Saturday, May 15, 2010

Cleverness

Delta kitchen faucets have a very clever quick-release attachment for their sprayer hose. It uses a couple of pieces of plastic and a spring clip to hold the hose onto a special fitting on the underside of the faucet, with a bushing to make a water-tight seal. To install the hose, all you have to do is slide it over the fitting until you hear it click into place. I'm sure that I appreciated that cleverness five or six years ago when I installed the faucet; it's always painful to deal with threaded fittings under the sink.

Unfortunately, I don't remember much about installing the faucet (trauma can have that effect). So when the hose started leaking a couple of weeks ago, I picked up a generic replacement hose at Home Depot, grabbed a flashlight and basin wrench, and threaded my body around the garbage disposal. And spent nearly half an hour trying to figure out how to remove the hose, with its non-standard attachment mechanism. And then spent another hour driving to Home Depot to find an adapter, only to be told that they didn't have one and I'd have to call Delta. I dreaded this call, but ended up with a very pleasant support rep, who put in an order for a free replacement.

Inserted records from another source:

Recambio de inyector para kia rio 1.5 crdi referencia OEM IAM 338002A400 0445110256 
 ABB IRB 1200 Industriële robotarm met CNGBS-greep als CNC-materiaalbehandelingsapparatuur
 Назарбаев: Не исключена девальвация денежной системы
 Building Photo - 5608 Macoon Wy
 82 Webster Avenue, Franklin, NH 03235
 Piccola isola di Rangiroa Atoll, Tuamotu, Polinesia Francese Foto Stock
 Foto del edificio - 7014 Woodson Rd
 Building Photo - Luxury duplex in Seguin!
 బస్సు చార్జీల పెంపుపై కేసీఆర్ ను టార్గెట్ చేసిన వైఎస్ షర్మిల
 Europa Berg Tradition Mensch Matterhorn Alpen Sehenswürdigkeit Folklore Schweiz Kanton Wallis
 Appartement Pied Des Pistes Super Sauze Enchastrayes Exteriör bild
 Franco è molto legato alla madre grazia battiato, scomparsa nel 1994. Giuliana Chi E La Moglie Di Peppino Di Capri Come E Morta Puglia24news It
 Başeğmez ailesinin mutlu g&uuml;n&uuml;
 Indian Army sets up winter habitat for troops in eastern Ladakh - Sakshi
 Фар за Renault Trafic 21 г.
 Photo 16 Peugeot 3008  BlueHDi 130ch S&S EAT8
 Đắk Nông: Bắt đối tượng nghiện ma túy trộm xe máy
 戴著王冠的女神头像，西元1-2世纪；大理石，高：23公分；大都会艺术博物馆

When the new hose arrived, it only took a few minutes to install. Yet I can't help but thinking that this special fitting actually cost me several hours, versus the fifteen minutes for a standard threaded fitting. Not to mention a week's worth of annoyance, wiping up leaked water every time I used the faucet.

The lesson for software development should be obvious: clever tricks can save a lot of time in the short term. But unless you remember how they work, they'll probably cost you — or someone else on your team — more in the future.

Thursday, April 15, 2010

intern() and equals()

A lot of programmers have the belief that String.intern() can be used to speed up if-else chains. So instead of writing this:

public void dispatch(String command)
{
    if (command.equals("open"))
        doOpenAction();
    else if (command.equals("close"))
        doCloseAction();
    else if (command.equals("calculate"))
        doCalculateAction();
    // and so on
}

they write this:

public void dispatch(String command)
{
    command = command.intern();
    if (command == "open")
        doOpenAction();
    else if (command == "close")
        doCloseAction();
    else if (command == "calculate")
        doCalculateAction();
    // and so on
}

Their logic seems to be that it's faster to compare integers than to compare strings. And while the only way to know for sure is a benchmark, I'm willing to bet that the intern() approach is actually slower (except, of course, for carefully constructed examples). The reason being that string comparisons are quite fast, while intern() has to do a lot of work behind the scenes.

Let's start with a string comparison, since it's available in the src.zip file that comes with the JDK (in this case, JDK 1.6):

    public boolean equals(Object anObject) {
    if (this == anObject) {
        return true;
    }
    if (anObject instanceof String) {
        String anotherString = (String)anObject;
        int n = count;
        if (n == anotherString.count) {
            char v1[] = value;
            char v2[] = anotherString.value;
            int i = offset;
            int j = anotherString.offset;
            while (n-- != 0) {
                if (v1[i++] != v2[j++])
                return false;
            }
            return true;
        }
    }
    return false;
    }

Like all good equals() implementations, this method tests identity equality first. Which means that, intern() or not, there's no reason to get into the bad habit of using == to compare strings (because sooner or later you'll do that with a string that isn't interned, and have a bug to track down).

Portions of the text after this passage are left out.